AS: Erm, and that’s obviously a different issue, because for me the issue is to make sure that we are prosecuting the right people and that the courts have the ability to sentence appropriately, and they are given the ability to do so by the charges that we take, so it’s really important that the courts are given the evidence to recognise that these are hate crimes and to apply the legislation which gives them the power to increase sentences for hate crime.
NR: Perhaps the legislation should change to make it clearer that instead of this being down to the police and then ultimately to your prosecutors, this should be down to the companies that published this stuff in the first place…
AS: (speaking over) Well look…
NR:…to police what is online.
AS: But at the bottom of this is individuals, and it’s actually somebody’s individual responsibility. So we don’t condone any behaviour which is unlawful in the physical sphere, so why should we condone it online. So individuals need to appreciate that they can’t just go online and press a button and send something off without any consequences.
NR: Well, we were hearing from Luciana Berger, a Labour MP, who’s been attacked in the most appalling way, I mean, two people have been prosecuted and…
AS: Hmm.
NR:…imprisoned. But it…shouldn’t it be the responsibility of the Twitters and the Facebooks and others that when a campaign, and forgive me for repeating it again, but it gives a sense of how awful it was…
AS: Hmm.
NR:…that she’s referred to repeatedly as ‘a filthy Jew bitch’, something should be done about it.

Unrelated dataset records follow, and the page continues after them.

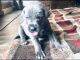 Great Dane Puppies for sale in Utah County, UT, USA. price: NA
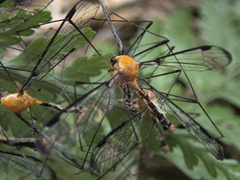 Aurotipula clara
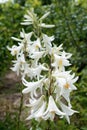 White lily flowers in garden Royalty Free Stock Photo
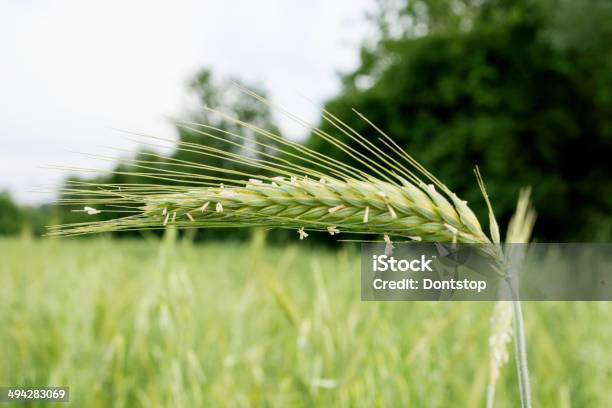 Campo Di Orzo - Fotografie stock e altre immagini di Agricoltura - Agricoltura, Alimentazione sana, Ambientazione esterna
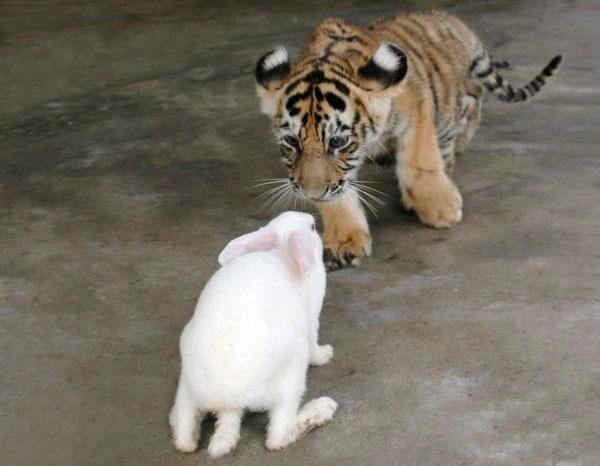 №14, Валерий Чернов №14, Валерий Чернов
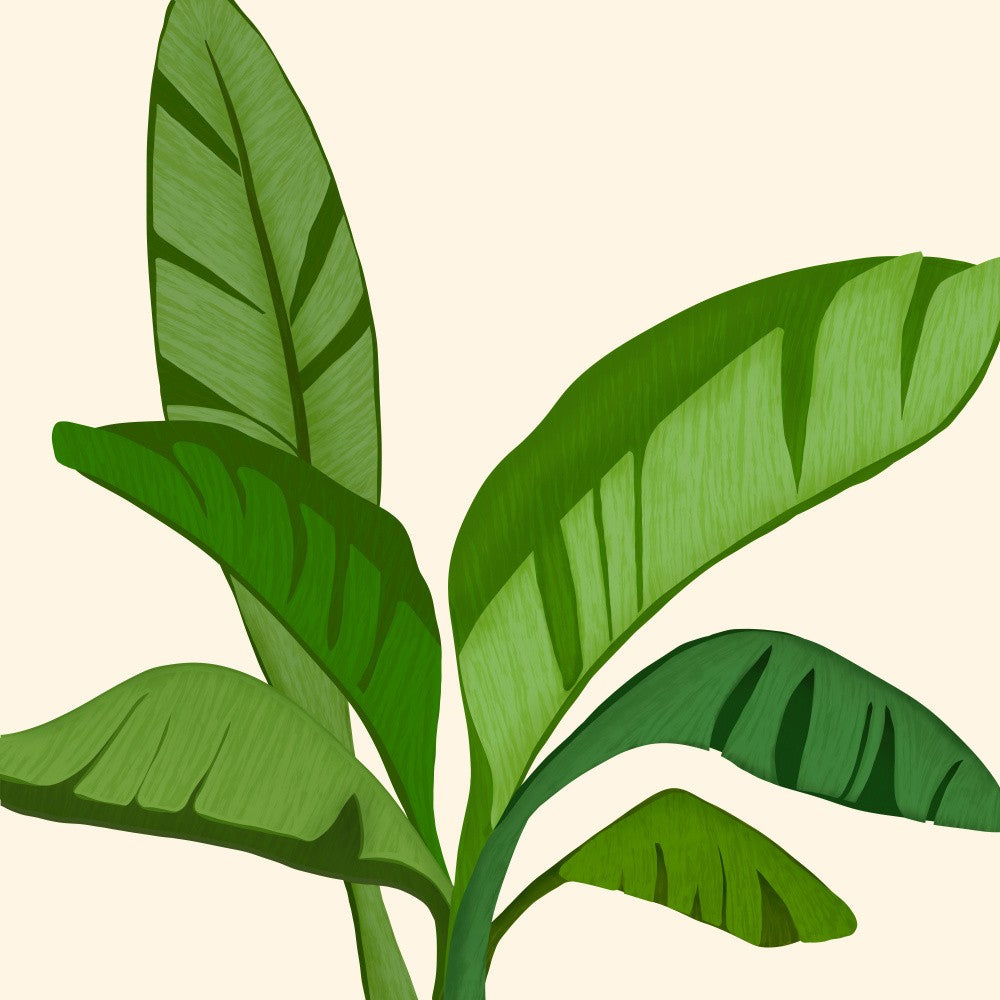 Tropical Banana Leaves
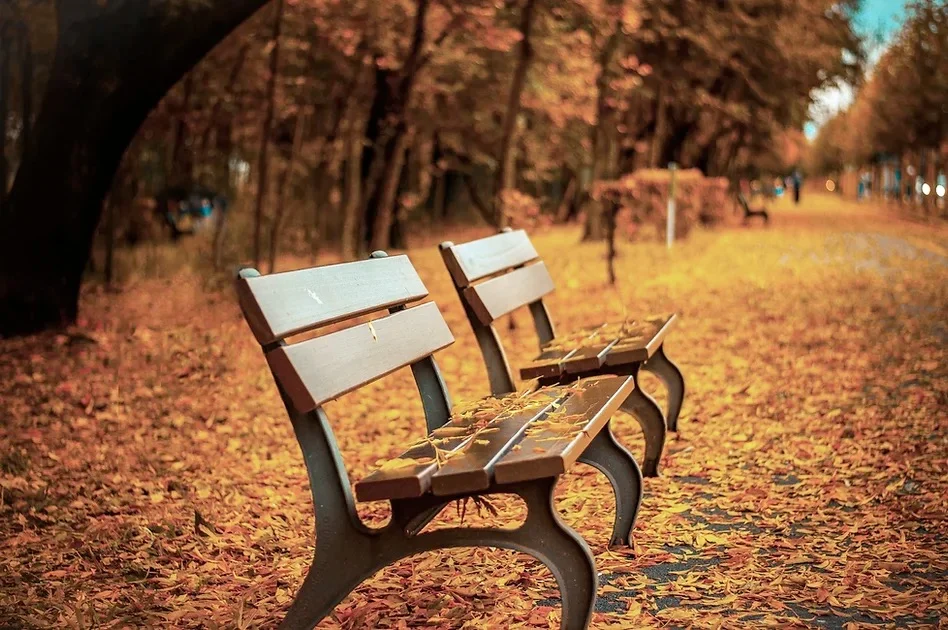 autumn change of seasons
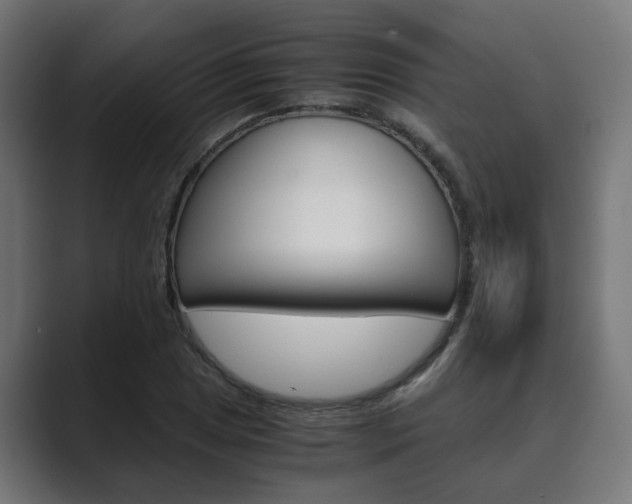 X0000089971025200706291100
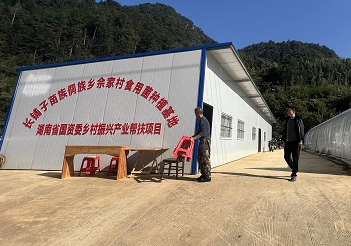3年投资项目83个 湖南国资推进乡村振兴产业可持续发展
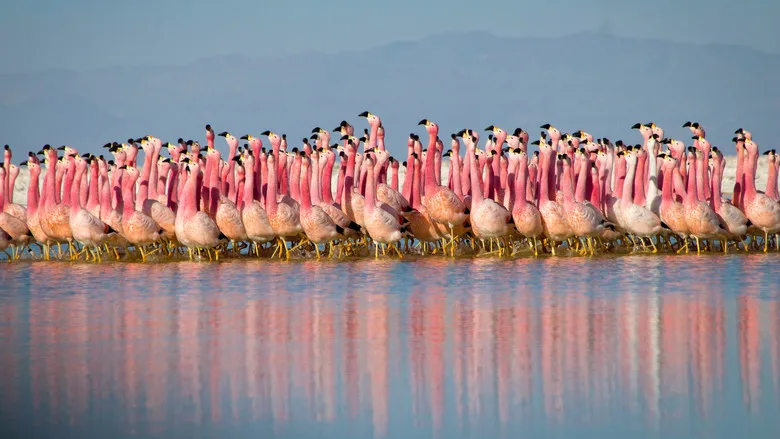 Planet Earth II poster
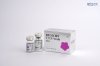 [PRE-ORDER] Reglory EXO+ Hair (Exosome)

AS: Erm, I think there are things that they…that can be done, and should be done around making sure things are taken down, but it is still an individual responsibility, so we don’t say that it’s anybody else’s responsibility to stop assaults, or to stop people abusing people in the street, in the same way, so it…at the end of the day, individuals have to be accountable for their behaviours and their actions, and that’s why it’s important that people recognise this and recognise that they can report these crimes, and that they will be prosecuted, that’s why the public statements are out there, that’s why we’re starting our social media campaign today, so that people understand what they can report, and that they don’t have to put up with this type of behaviour.
NR: Now, the number of categories covered by this so-called ‘hate crime’ seems to increase, I know there’s a focus today on what’s called biphobic crime…
AS: Hm-hmm.
NR:…you’re probably going to have to explain that to, to people. There are… Some people have argued that misogyny should be included as a definition. Do you see new definitions being added to what is and is not acceptable under the law?
AS: I mean the bipho— this…biphobic is around making sure that prosecutors are aware, and we’ve had a lot of help in erm, in preparing the, erm, statements, the public statements that we’ve issued today from groups such as Gallup and Stonewall, the Community Security Trust and Tell MAMA and others, erm, to make sure that we understand what the issues are for individual people, and those characteristics that may be the subject of hate crime.
NR: Alison Saunders, Director of Public Prosecutions, thank you for joining us.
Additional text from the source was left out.